Numerically compare files line by line, numerical field by numerical field.

-d INT --digits INT Maximum number of significant digits that
should match. (default: 0)
-h --help Output this help.
-q --quiet No output, just exit code.
-s --statistics Provide comparison statistics only. (extra credit)
-t DBL --tolerance DBL Tolerate <= DBL distance between numbers.
(default: 0.0)

For example, given fileA,

1.000001
2.00
-3
Cy=0.11278889E-01 Cx=-1.343e+02

And fileB,

1.000000
1.99
-3.4
Cy=0.11278890E-01 Cx=-1.343e+02

the following scenarios could play out:

$ ndiff fileA fileB
1,4c1,4
< 1.000001
< 2.00
< -3
< Cy=0.11278889E-01 Cx=-1.343e+02
---
> 1.000000
> 1.99
> -3.4
> Cy=0.11278890E-01 Cx=-1.343e+02

$ ndiff -t 0.000001 fileA fileB
2,3c2,3
< 2.00
< -3
---
> 1.99
> -3.4

$ ndiff --tolerance 0.01 fileA fileB
3c3
< -3
---
> -3.4

$ ndiff --digits 1 fileA fileB (zero exit code)

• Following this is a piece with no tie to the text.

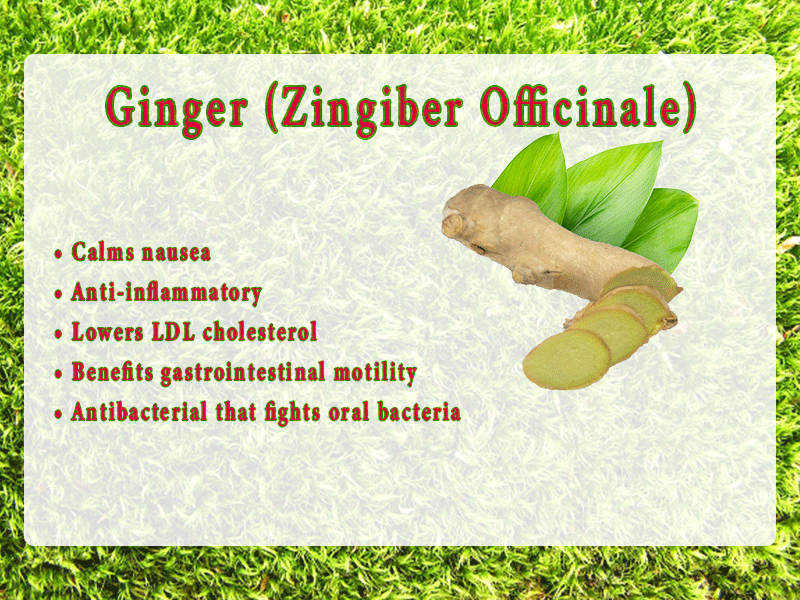 Ginger (Zingiber Officinale)   •	Calms nausea •	Anti-inflammatory •	Lowers LDL cholesterol •	Benefits gastrointestinal motility •	Antibacterial that fights oral bacteria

$ ndiff -q fileA fileB (non-zero exit code)

and, for extra credit,

$ ndiff --statistics fileA fileB
Numbers compared: 5
Distance range: 0.0..0.4
Average distance: 0.99987e-01 [guess]
Mean distance: 1.0e-06 [guess]

FWIW, the results of this quiz will be used by NASA's FUN3D team for regression testing aerothermodynamic simulation software.


Quiz Summary

by James Edward Gray II

Both solutions had some really interesting material in them. I would certainly talk about both, if time and space allowed.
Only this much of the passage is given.